Product. We use \({\mathcal S}={\mathcal Q}\,{\otimes }\,{\mathcal M}\) to denote the system obtained by running \({\mathcal Q}\) and \({\mathcal M}\) together. A (initial) configuration of \({\mathcal S}\) is of the form \(\left\langle c_1,c_2\right\rangle \) where \(c_1\) and \(c_2\) are (initial) configurations of \({\mathcal Q}\) and \({\mathcal M}\) respectively such that \(\mathtt{ThreadsOf}\left( c_1\right) =\mathtt{ThreadsOf}\left( c_2\right) \). We use \({\mathcal C}^{{\mathcal S}}\) to denote the set of configurations of \({\mathcal S}\). The induced transition relation \({\xrightarrow {}{}}_{\!\!{\mathcal S}}\) is described by rule QM of Fig. 4. Intuitively, in the composed systems, the augmented program and the monitor synchronize through the actions they produce. For a configuration \(c\in {\mathcal C}^{{\mathcal S}}\), we define \(\mathtt{Post}\left( c\right) =\left\{ c'\ | \ c{\xrightarrow {}{}}_{\!\!{\mathcal S}}c'\right\} \). For a set C of system configurations, we define \(\mathtt{Post}\left( C\right) = \bigcup _{c\in C} \mathtt{Post}\left( c\right) \). We say that that error is reachable in \({\mathcal S}\) if for an initial configuration \(c\) of \({\mathcal S}\) and configuration \(c'\) of \({\mathcal Q}\).
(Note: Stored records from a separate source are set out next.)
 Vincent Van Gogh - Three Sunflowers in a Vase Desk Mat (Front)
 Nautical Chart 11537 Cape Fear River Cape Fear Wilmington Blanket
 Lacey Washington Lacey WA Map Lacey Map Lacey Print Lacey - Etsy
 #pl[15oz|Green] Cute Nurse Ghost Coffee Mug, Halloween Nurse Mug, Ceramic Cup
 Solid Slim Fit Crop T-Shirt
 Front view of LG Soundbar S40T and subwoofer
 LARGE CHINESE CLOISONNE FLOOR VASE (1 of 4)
Verifying Linearizability. The correctness of this approach is established in the following theorem.

Theorem 1

If error is not reachable in \({\mathcal S}\) then \({\mathcal P}\) is linearizable wrt. \(\mathtt{DS}\).

Proof

To prove \({\mathcal P}\) is linearizable wrt. \(\mathtt{DS}\). We must establish that for any history h of \({\mathcal P}\), there exists a history \(h'\) such that \(h'\) is linearization of h and \(h'\) is valid wrt. \(\mathtt{DS}\). So, consider a history h of \({\mathcal P}\). From Condition (i) in the paragraph about monitors in Sect. 5, h is a complete history. Then from Conditions (ii) and (iii), each action in h has a LP and whose call and return parameters are consistent with the corresponding emitted operation by the controller. Therefore, there exists a complete sequential history \(h'\) which is a permutation of h whose actions are ordered according to the order of their LPs in h. Therefore \(h'\) is linearization of h. From Condition (iv), \(h'\) is valid wrt. \(\mathtt{DS}\). Therefore, h is linearizable wrt. \(\mathtt{DS}\).    \(\square \)

6 Thread Abstraction

By Theorem 1, linearizability can be verified by establishing a reachability property for the product \({\mathcal S}={\mathcal Q}{\otimes }{\mathcal M}\). This verification must handle the challenges of an unbounded number of threads, an unbounded heap, and unbounded data domain. In this section, we describe how we handle an unbounded number of threads by adapting the thread-modular approach [3], and extending it to handle global transitions where several threads synchronize, due to interaction between controllers.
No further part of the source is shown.